Sunday, July 18, 2021

Idempotent

When I was very young, a way more experienced programmer told me that for incoming feeds, basically any ‘imports’, they must always be ‘idempotent’. 

In the sense that he meant it, if you have some code to import a collection of data, say in a csv file, you can feel safe and confident rerunning that import as many times as you need to. At worst, it just wastes some CPU.


That feed will do exactly the same thing each time. Well, almost. The result of running it will mean that the data in the file is now in the database, but it is there uniquely. 


If the feed was run before, that earlier data will be updated or it will be ‘deleted and reinserted’. It will not be duplicated.


The corollary is that if the data changed in the file from an earlier version, it is that later data that will persist now. This provides a secondary feature of being able to use the feed to ensure that the data is always up-to-date and correct without first having to verify that it is not. If in doubt, rerun it.


If you have a big system, with a lot of data loaded over years, this means that if you kept all of the data input files, you could replay all of them to thus ensure that the outcome would be clean data. 


But It also means that if someone had edited the data manually, directly in the database, then replaying the feed would overwrite that change. A behavior that is sometimes good, sometimes bad.


To get around that ambiguity, it’s best to understand that any data coming in from an external source should be viewed as ‘read-only’ data by definition. It’s somebody else’s data, you just have a ‘copy’ of it. If there were ‘edits’ to be made to that data, they should be made externally to the system (the source does it or you might edit the feed files, but not the database itself). 


If it is necessary to annotate this incoming data, those modifications would be held separately in the schema, so that replaying the original data would not wipe them out. That doesn’t mean that it isn’t now inconsistent (the new data nullifies the annotations), but it does ensure that all of the work is preserved.


An important part of getting feeds to be idempotent is being able to understand uniqueness and keys. If the data is poorly keyed, it will inevitably become duplicated. So, making sure that the internal and external keys are handled properly is vital to assuring idempotency.


Oddly, the mathematical definition of idempotent is only that repeated ‘computations’ must result in the same output.
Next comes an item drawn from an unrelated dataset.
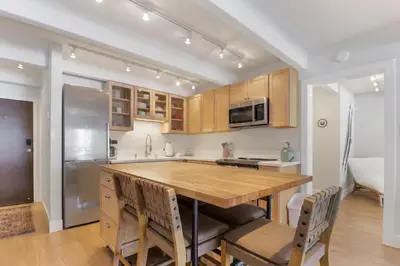 a kitchen with a wooden table and a refrigerator at 317 Lodge at Lake Dillon condo in Dillon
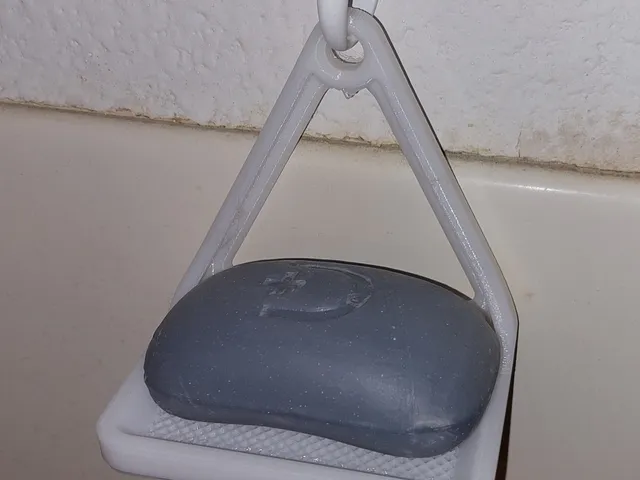 Soap Dish for hanging from a wall hook.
Some people seem to be interpreting that as having any subsequent run of the feed be nil. It does nothing and now ignores the data. That’s a kind of a landmine, in that it means that fixing data is now a 2 step process. You have to first delete stuff, then rerun the feed. That tends to choke in that deleting things can be a little trickier than performing updates, they can be hard to find, so it’s often been far more effective to set the code to utilize ‘upserts’ (an insert or a delete depending on if the data is already there) as a means of replying the same computation. Technically, that means the first run is actually slightly different from the following ones. Initially, it inserts the data, afterward, it keeps updating it. So, the code is doing something different on the second attempt, but the same for all of the following attempts...


What I think that veteran programmer meant was not that the ‘code paths’ were always identical, rather it was that the final state of the system was always identical if and only if the state of the inputs were identical. That is, the system converges on the same results with respect to the data, even if the code itself wobbles a little bit.
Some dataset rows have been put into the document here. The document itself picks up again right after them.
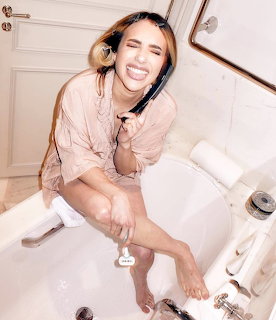 Young woman laughing and holding a hairbrush while sitting in a white bathtub wearing a pink shirt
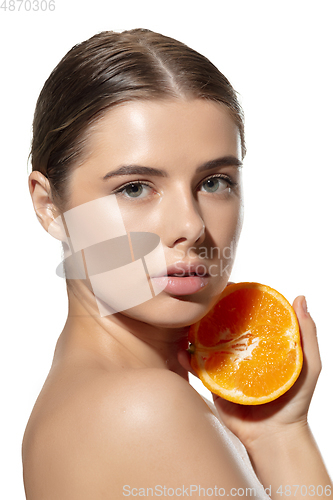 Image of Freshness. Beautiful young woman with half of orange over white background. Cosmetics and makeup, natural and eco treatment, skin care.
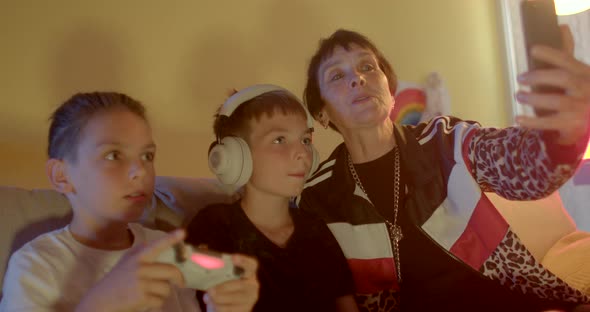 Woman Age Makes Photo Phone with Boys Playing Video Game While Being Distracted alt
Since we had that talk, decades ago, that has always been my definition of ‘idempotent’. The hard part that I think disrupts people is that by building things this way you are explicitly giving control of the data to an external system. It changes when they decide it changes. That seems to bother many programmers, it’s their data now, they don’t want someone else to overwrite it. But,  if you accept that what you have is only a read-only copy of someone else’s data, then those objections go away.